## [Assignment]
In the data below, the copy begins at the line containing "Here's an applied" and runs through the last line; repeat those lines exactly, minus the pictures.
——
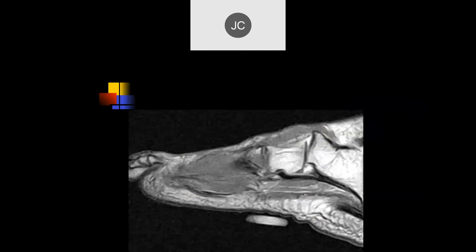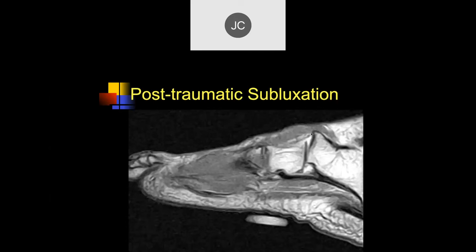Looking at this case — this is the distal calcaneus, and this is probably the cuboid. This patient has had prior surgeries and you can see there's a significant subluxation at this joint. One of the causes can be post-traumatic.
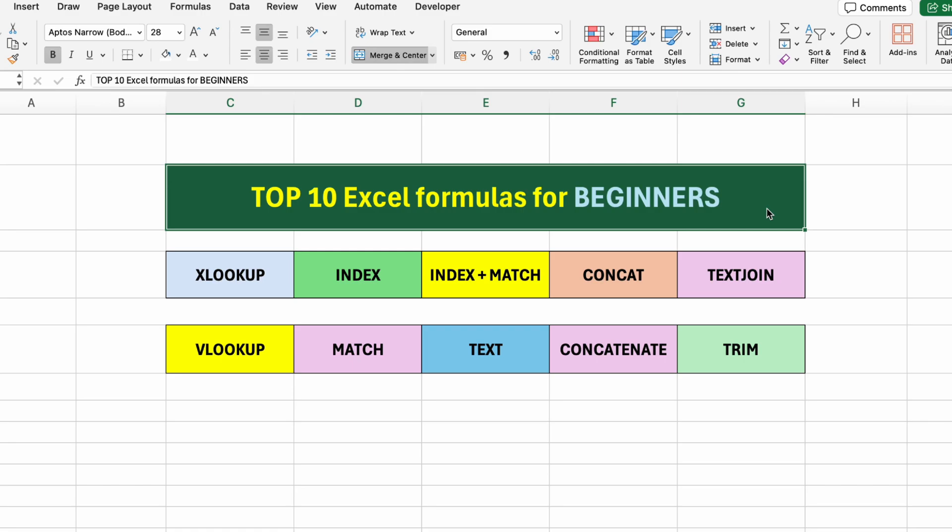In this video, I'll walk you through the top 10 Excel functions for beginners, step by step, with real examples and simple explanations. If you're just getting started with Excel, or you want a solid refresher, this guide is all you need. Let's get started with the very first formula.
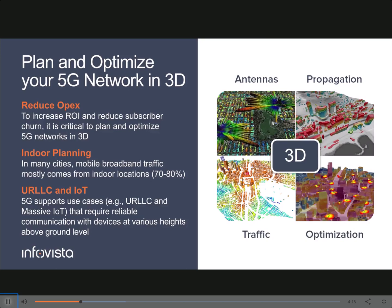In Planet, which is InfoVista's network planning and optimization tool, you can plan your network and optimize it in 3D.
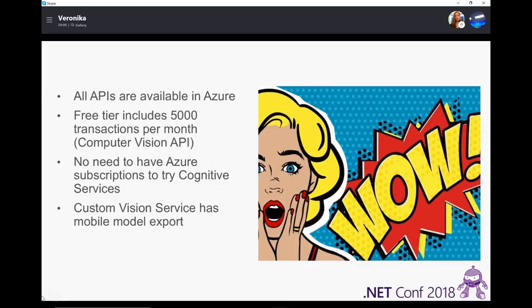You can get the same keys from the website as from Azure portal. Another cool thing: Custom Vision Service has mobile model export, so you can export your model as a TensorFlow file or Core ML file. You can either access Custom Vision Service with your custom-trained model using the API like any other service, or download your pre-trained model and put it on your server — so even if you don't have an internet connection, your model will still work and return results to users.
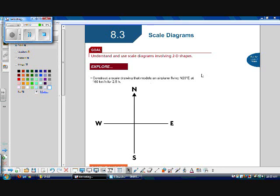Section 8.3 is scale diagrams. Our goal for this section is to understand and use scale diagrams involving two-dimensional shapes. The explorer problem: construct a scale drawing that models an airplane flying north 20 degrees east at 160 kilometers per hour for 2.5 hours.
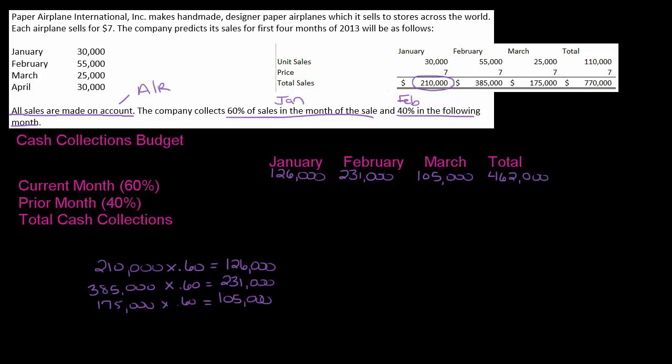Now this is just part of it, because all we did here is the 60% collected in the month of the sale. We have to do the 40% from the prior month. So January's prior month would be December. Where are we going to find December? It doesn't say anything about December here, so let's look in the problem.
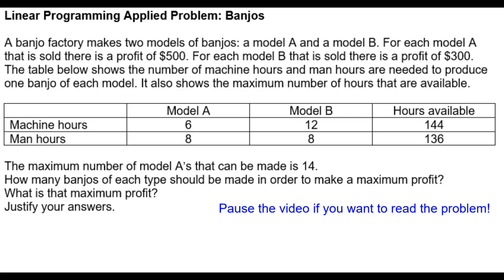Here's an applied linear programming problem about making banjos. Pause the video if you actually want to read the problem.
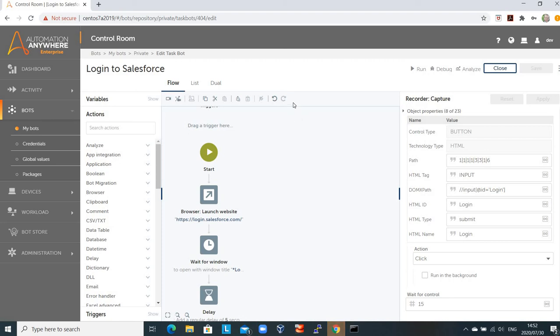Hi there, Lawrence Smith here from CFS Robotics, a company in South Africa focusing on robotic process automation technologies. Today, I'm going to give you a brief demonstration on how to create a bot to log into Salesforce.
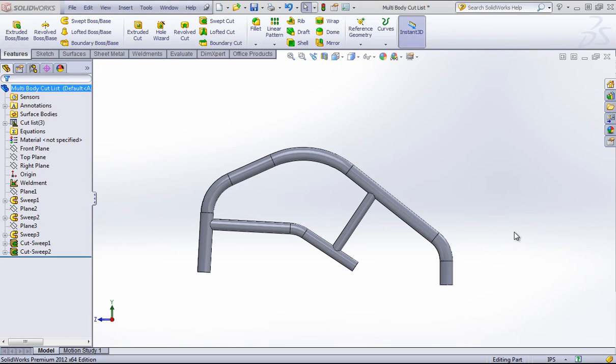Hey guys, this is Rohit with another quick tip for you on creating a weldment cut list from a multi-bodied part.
——
## [Solution]
Here's an applied linear programming problem about making banjos. Pause the video if you actually want to read the problem.
Hi there, Lawrence Smith here from CFS Robotics, a company in South Africa focusing on robotic process automation technologies. Today, I'm going to give you a brief demonstration on how to create a bot to log into Salesforce.
Hey guys, this is Rohit with another quick tip for you on creating a weldment cut list from a multi-bodied part.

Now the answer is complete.